SINGAPURA, DDTCNews - Rangkaian acara WU-TA Advanced Transfer Pricing Programme 2025 hari keempat, Kamis (2/10/2025), mengangkat pembahasan menarik mengenai tinjauan transfer pricing atas skema transaksi produk consumer goods.
Dalam konteks transfer pricing, pemahaman atas suatu rantai bisnis grup usaha merupakan hal yang krusial sebelum melakukan pengujian kewajaran transaksi afiliasi. Vineet Rach, selaku Vice President of Taxes di Procter & Gamble (P&G), memberikan sudut pandang yang mendalam dalam menelisik skema transfer pricing dalam rantai usaha di industri Fast Moving Consumer Goods atau FMCG.
Pada sesi ini, Vineet Rach menyampaikan apa value driver industri FMCG dan apa yang membedakannya dengan industri lain. Dengan mempertimbangkan target pasar dari industri FMCG adalah konsumen akhir, maka industri FMCG pada umumnya menggantungkan kinerja keuangan grup pada keberhasilan aktivitas promosi.
"Makanya, istilah brand value menjadi faktor penting yang perlu dipertahankan oleh suatu grup usaha FMCG," kata Vineet.
Sehubungan dengan hal tersebut, Vineet Rach menekankan pernyataan 'a brand has to be consistent' sebagai kunci keberhasilan grup usaha FMCG. Konsistensi tersebut dapat diwujudkan dalam berbagai cara, seperti konsistensi atas pesan pemasaran, atas kualitas produk, hingga atas lokasi penjualan produk.
Untuk memastikan hal tersebut, maka kehadiran decision maker diperlukan untuk memastikan rantai bisnis, dari proses manufaktur produk hingga distribusinya kepada pelanggan akhir, tetap konsisten demi mempertahankan brand value yang ingin disampaikan.
Kehadiran decision maker tersebut tentu menjadi pembeda antara rantai usaha FMCG dengan industri lainnya. Decision maker, dalam rantai usaha FMCG, merupakan perusahaan prinsipal yang menjembatani perusahaan manufaktur dengan perusahaan distributor dalam sebuah grup usaha.
Hal tersebut menunjukan model rantai usaha yang tersentralisasi yang tentu mempengaruhi pendekatan analsis transer pricing. Dalam skema ini, perolehan laba direfleksikan dari nilai strategi (value driver) yang dihasilkan, bukan dari kegiatan fisik (execution) yang berlangsung.

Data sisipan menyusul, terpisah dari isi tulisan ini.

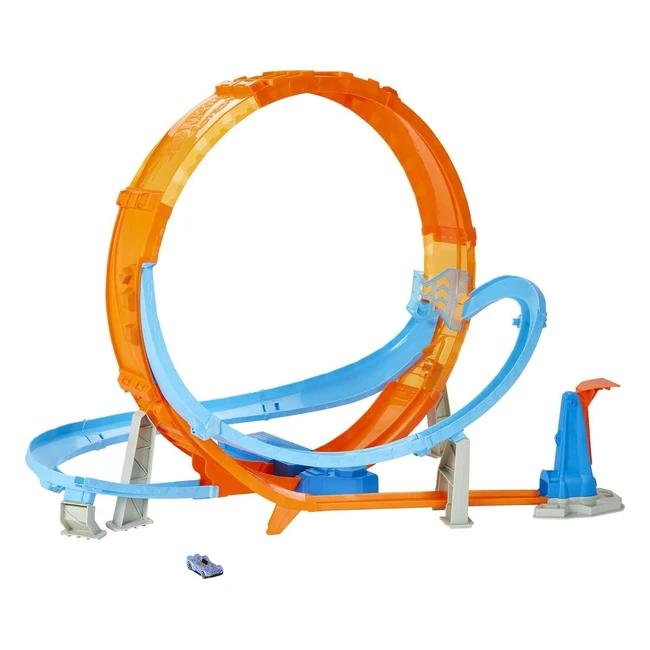 Hot Wheels HCB00 Riesen Looping Crash Trackset 70 cm breit 1 Fahrzeug ab 5 Jahren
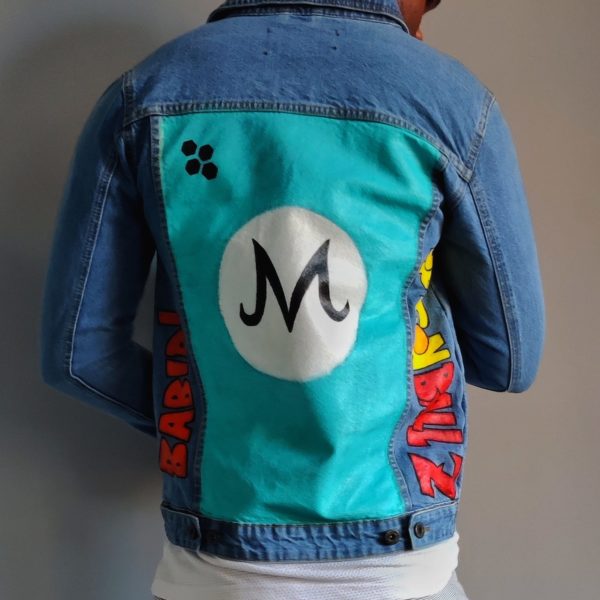 Hand-painted Blue Majin Buu Denim jacket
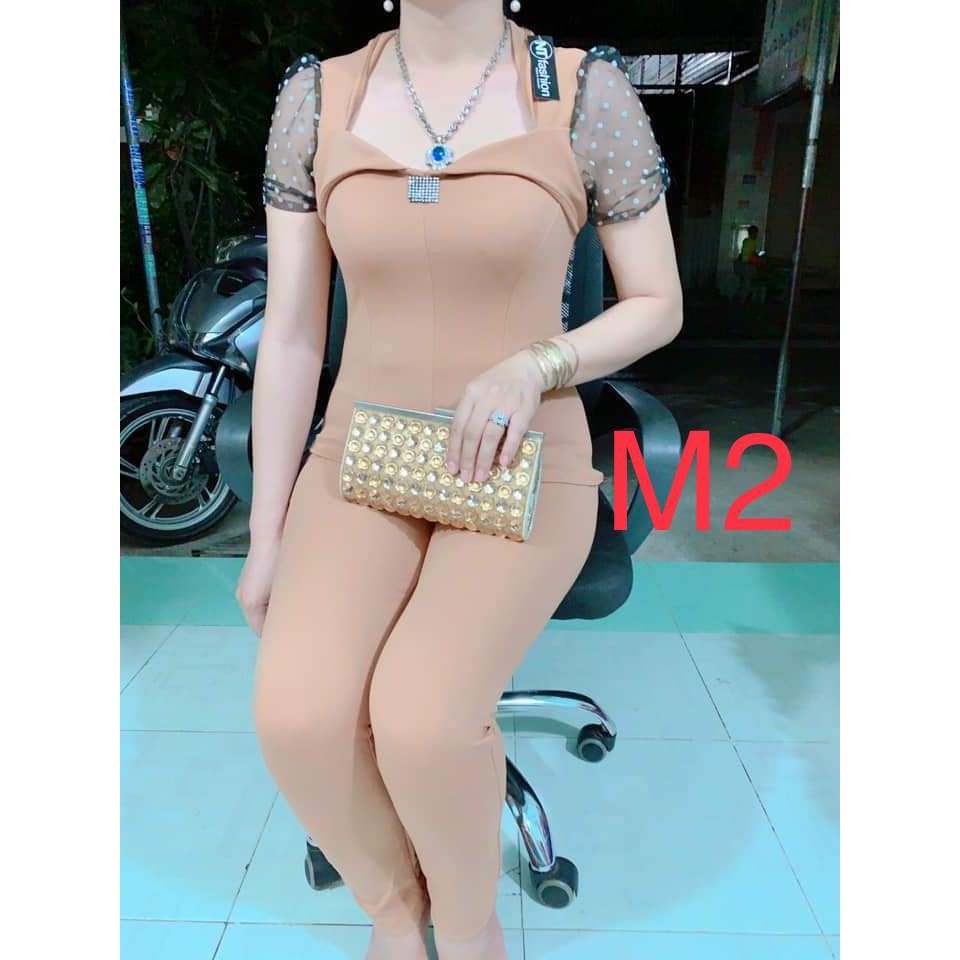 Đồ Bộ Nữ Tay Ren Chấm Bi Chất Cát Hàn Mềm Mịn, Không Nhăn, Không Xù | BigBuy360 - bigbuy360.vn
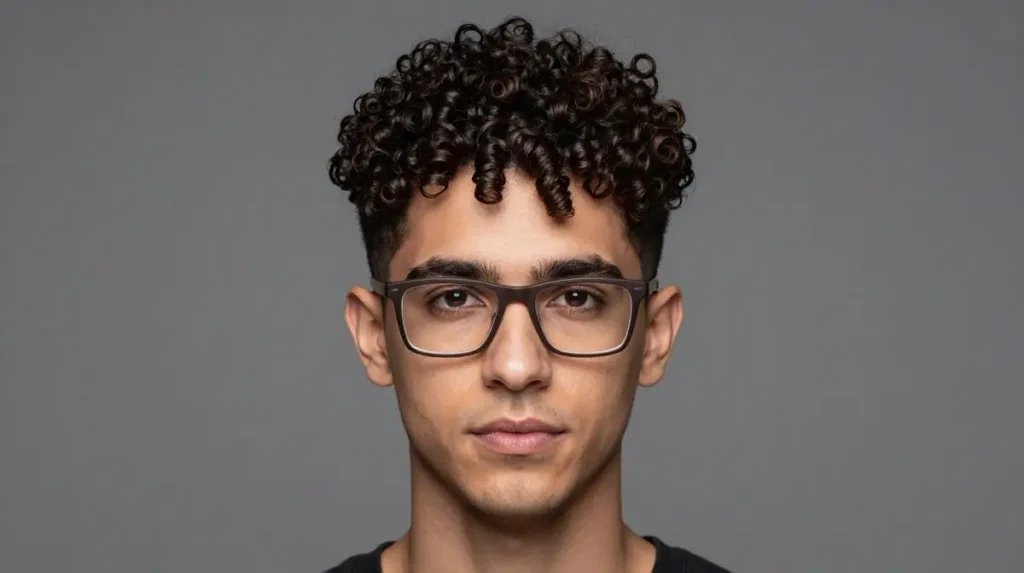 Curly Hair with Glasses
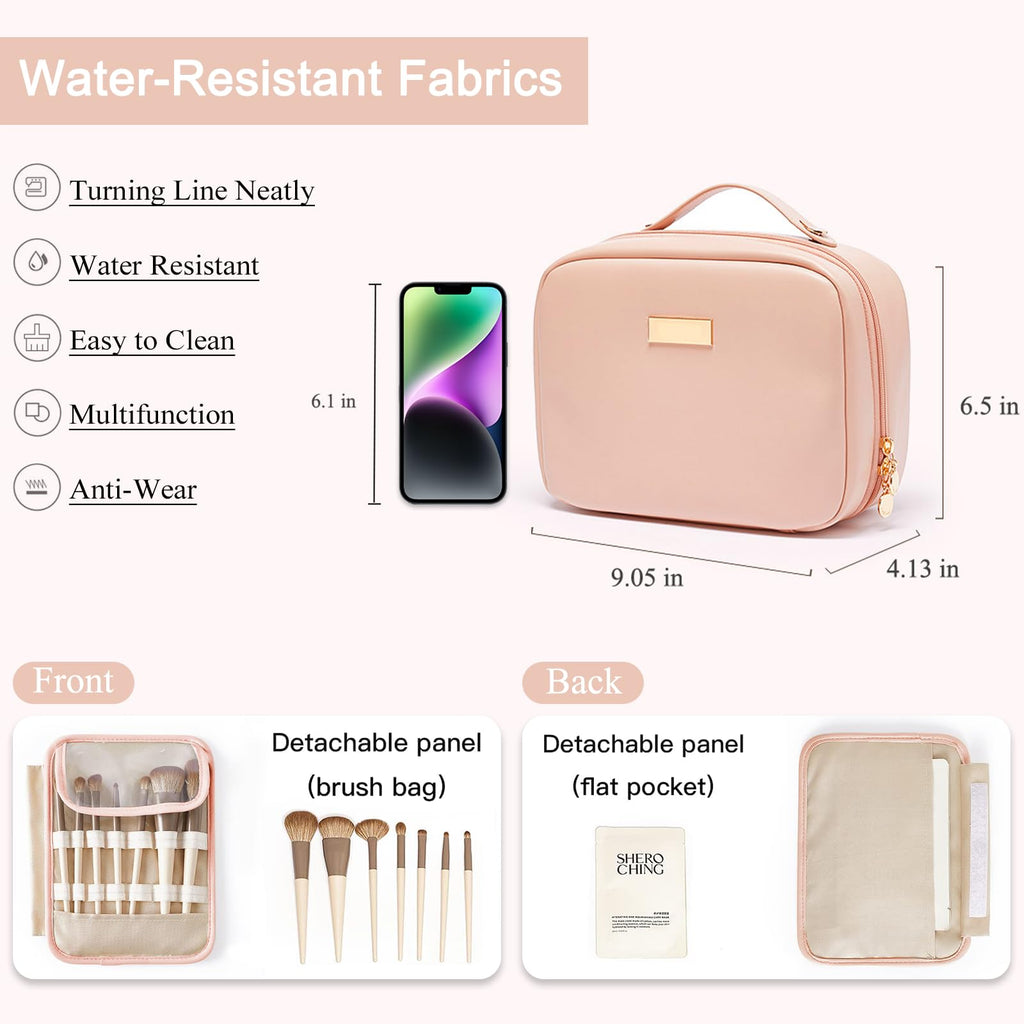 BAKLUCK Travel Makeup Bag – Large Capacity Transparent Double-Sided Organizer with Brush Compartment | PU Waterproof Leather, Pink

Lebih lanjut, Vineet menyebutkan bahwa model bisnis yang tersentralisasi memengaruhi lokasi entitas prinsipal dan entitas eksekusi. Biasanya, entitas prinsipal berlokasi di yurisdiksi yang memiliki keunggulan pajak atas kekayaan intelektual.
Entitas tersebut melakukan fungsi value drivers seperti R&D, branding, manajemen atas kekayaan intelektual, serta menanggung resiko residu, yaitu menangung laba atau rugi sisa. Di sisi lain, entitas eksekusi adalah entitas yang menjalankan aktivitas execution di lapangan, seperti pabrik (manufaktur) atau distributor (pada umumnya adalah Limited Risk Distributor atau LRD).
Adapun laba atau rugi residu dipengaruhi dari keberhasilan penjualan produk dengan kompensasi yang harus diberikan kepada LRD, di mana tingkat margin residu diperoleh dari hasil keputusan strategis atau value drivers oleh entitas prinsipal.
Kontroversi Pajak dari Model Bisnis yang Tersentralisasi
Pada praktiknya, bukanlah hal yang baru bahwa model bisnis yang tersentralisasi pada rantai usaha industri FMCG terus menimbulkan kontroversi pajak. Dalam hal ini, terdapat tiga isu yang kerap menjadi perhatian grup usaha FMCG.
Pertama, memperhatikan tingkat perolehan laba yang diperoleh entitas prinsipal bersifat residu, otoritas pajak dapat saja menyimpulkan entitas prinsipal sebagai shell company.
Kedua, terdapat risiko isu PE atau Permanent Establishment. Apabila perusahan LRD di suatu negara juga melakukan negosiasi atau penandatangan kontrak dengan pusat perbelanjaan yang mengikat entitas prinsipal, hal tersebut dapat memicu timbulnya PE Agen Dependen.
Ketiga, terdapat aspek keuangan yang dapat menghambat model bisnis sentralisasi. Pada praktiknya, terdapat beberapa negara yang membatasi pergerakan valita asing sehingga menyulitkan entitas sentral untuk menerima pembayaran royalti atau margin residu.
Artikel reportase ini ditulis oleh Specialist DDTC Consulting Maria Franzeska yang mengikuti WU-TA Advanced Transfer Pricing Programme 2025 di Singapura. Program ini diselenggarakan pada 29 September 2025 hingga 2 Oktober 2025.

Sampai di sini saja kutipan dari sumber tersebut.